Futura Resistenza – LP Mar 24, DL Feb 28
Christopher Nosnibor
Most blurbs which accompany releases are either factual, unspectacular in their biographical detail, or tedious in their technicality. Some are vaguely amusing or otherwise entertaining, but the words accompanying Jeugdbrand’s 3 × hullo, hullo, courtesy of Lieven Martens are outright deranged. I mean, there’s a narrative there, but it’s more of a slab of gonzo fiction than anything. And that’s before we get to the whole mole thing….

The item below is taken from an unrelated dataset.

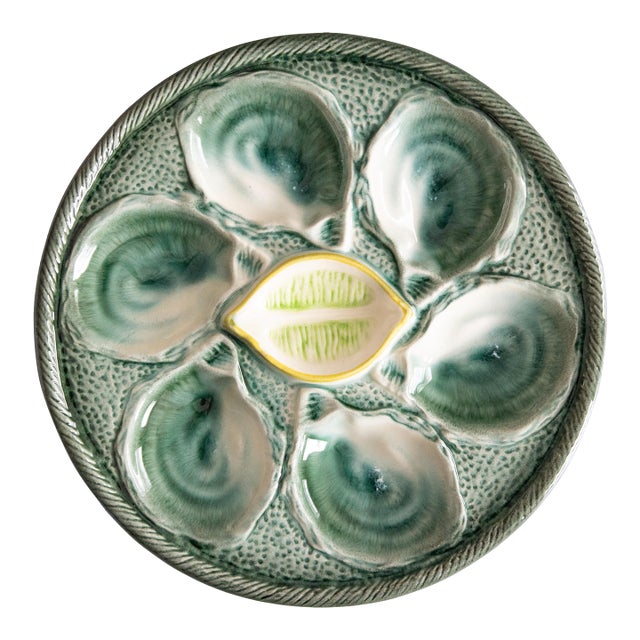 Antique French Saint Clément Majolica Blue Green & Yellow Lemon Wedge Oyster Plate For Sale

‘Well, it went like this: I open the glass door to the garden, the early morning coming to its midday end. That everyday anxiety that overcomes late risers from time to time kicks in. “Fuck, almost half a day wasted!” But abruptly, this sentence in my head gets overdubbed by the Queen’s English: “That shit mole, that blimey shit cunt mole!” I see the expat owner of our Airbnb punching his bare fists on his green lawn. A spotless lawn, but with here and there a few molehills. His grass, like a billiard cloth in a smoked bar, serves as a contrasting pathway to the black volcanic rocks at the back of the house. Behind these rocks, the ocean foams and growls. “Luv, get the poison! I wanna finish the bugger now and for good. Bloody hell!” I watch this scene with amusement, until suddenly, when the landlord notices me, he cleans up his act. “Ooh, these are funny little creatures, eh, these furry moles. Cheeky peng. Eh, fancy a cuppa?” The landlord’s head and belly are so ridiculously red that I can almost hear a lobster scream in a pot of boiling water. He looks like a walking can of Spam, its contents cooked by countless days under the Indian Ocean’s sun. The Indian Ocean, where sharks migrate between Africa and Australia. And where the Hawaiian-shirt-wearing tourist bravely builds new islands of trash. Yes, the very true meaning of re-creation. Someone once told me that lobsters don’t really scream.’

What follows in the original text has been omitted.